People are always their own best coach given time and space to confront their situation.

A reality check. EVERY good business (and manager) still ticks along quite nicely even though it has its share of problems.  There is of course, a caveat to that and it’s a formula.

As long as the opportunities being created are greater than the sum of the impact of the problems. 

Most of our problems I’d suggest, do not warrant the attention we give them (given the bottom line impact) when we balance them up against the economic opportunities we COULD create  – if only we could free ourselves up from being problem focused.

Many of the people I work with are extremely intelligent and efficient problem solvers. Except… that is not what most of them are paid for. They are paid to create opportunities greater than the sum of their individual cost as a ‘human resource’.

Interestingly, the unspoken reality for the corporate employee is that they can mainly ‘get away’ with divesting much of their energy and attention on problems – of which, there is an unlimited continuous supply!

Consider the entrepreneur. Take me for instance.  I can’t afford to have problems (although I do). I need to have processes handled by a competent team that has me be a ‘problem free zone’.  If I am not focusing my attention on and generating ‘opportunities for economic results’  – at some point I won’t get paid at the end of the month and the children will have to live on beans and rice.

I wonder what would happen if the corporate executive had to go home and tell the spouse “Sorry darling, I did not get paid this month as I spent most of my time resolving that irritable but minor IT issue, dancing round my colleagues ego, sorting out the office furniture positioning, producing the 34th draft of the company structure and the 75th draft of the mission statement?”

Occasionally, I ask clients (or myself) to go back over their diaries and categorise whether the activities they have been engaged in over the last week were problems or opportunities.   Coyly, its not uncommon to report back 80% and 20% respectively. Just check out your schedule last week and see what you come up with in the problems / opportunity ratio. Then decide whether you think that is the best way to expend your talent and energy.

So what is going to take to be an opportunity focused based leader or manager?

Get the cost and value of your attention.  What is the cost of me being engaged in a £5 an hour problem? (i.e. doing the work of someone else who is more appropriately salaried to deal with that level of work). It’s the opportunity cost of not doing great work with the same time at £1000 an hour value.
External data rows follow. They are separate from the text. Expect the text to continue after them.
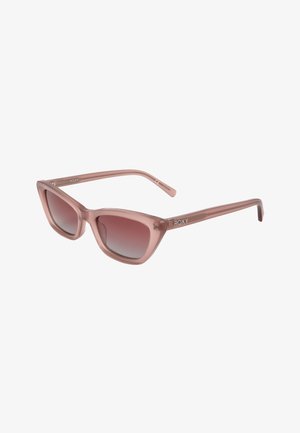 Occhiali da sole rosa cat-eye con lenti sfumate e logo "ROXY" sulle aste.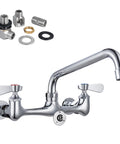 Lead-Free 8 Inch Center Wall Mount 3 Compartment Sink Faucet with 8" Spout and included mounting hardware.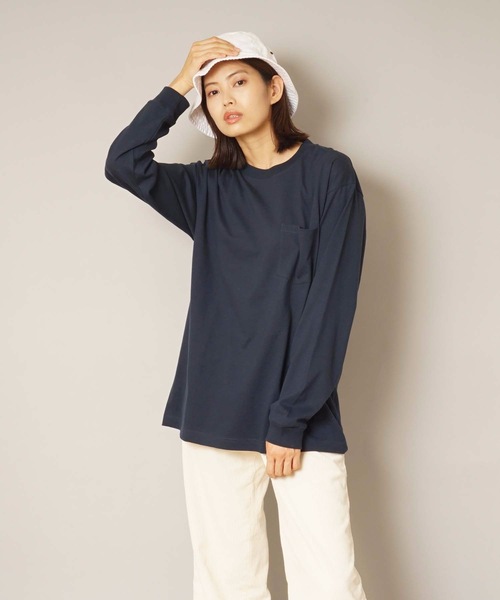 HANES（ヘインズ）の「【HANES/ヘインズ】ＢＥＥＦＹ　Ｌ／Ｓ　ＰＯＣＫ－ＴＥＥ　Ｈ５１９６ 　ビーフィー　ポケット付き　ロンT　無地　ユニセックス（Tシャツ/カットソー・メンズ・ホワイト/グレー/ブラック/ネイビー/チャコールグレー・MEDIUM/LARGE/X-LARGE/SMALL/X-SMALL）」の5枚目の写真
And here is the knockout punch:

In its truest sense you cannot solve problems and create value at the same time.

Solving problems only takes performance levels back to where they were.  It’s a bit like twisting your knee skiing and then fixing the problem with physio; once you have recovered you will only be back to the level you were pre-twist.  (To get what I mean about being a problem free zone -you would be better continually investing in the ‘ski school process’ to eliminate potential problems by becoming a more competent skier).
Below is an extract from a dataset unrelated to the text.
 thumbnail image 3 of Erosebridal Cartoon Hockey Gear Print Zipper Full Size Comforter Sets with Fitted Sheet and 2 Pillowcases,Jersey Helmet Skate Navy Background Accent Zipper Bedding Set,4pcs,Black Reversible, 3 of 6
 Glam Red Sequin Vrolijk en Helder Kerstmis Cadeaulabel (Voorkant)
We ♥ Problems! Admit it. Alas, this is also one of those times when we have to tell the truth to ourselves. WE LOVE PROBEM SOLVING!!  Blokes especially get off on fixing stuff – it’s a cultural thing, it’s in the genes, its social conditioning and an expectation. Its familiar ground, it’s in our comfort zone. It’s a technician thing.
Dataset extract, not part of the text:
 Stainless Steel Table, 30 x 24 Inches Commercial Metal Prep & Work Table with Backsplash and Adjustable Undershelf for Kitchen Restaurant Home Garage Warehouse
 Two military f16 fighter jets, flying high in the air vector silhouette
Perfection versus Progress.  The big thing that workers are now  getting out there is that they could fill their schedules 24/7 with problem solving work and that the strive for perfection will NEVER BE OVER.  To be opportunities focused we just have to let stuff go sometimes even though it’s not ideal, perfect or gratifying to do so.

Sure you have things to fix.  Just check out the attention that you invest in problems is not bigger than the opportunities you are creating. (And imagine that if you were a sole trader whether you would be a well fed opportunist or a starving to death ace problem solver?)

There is surely nothing quite so useless as doing with great efficiency what should not be done at all.

Paul Fox

Paul Fox has been active as a Construction Industry Performance Coach for the last 20 years and remains at the forefront of Collaborative Working and High Performance Team Behaviours. He disrupts the status quo of individuals, project and senior teams who want exponentially more output with much less struggle.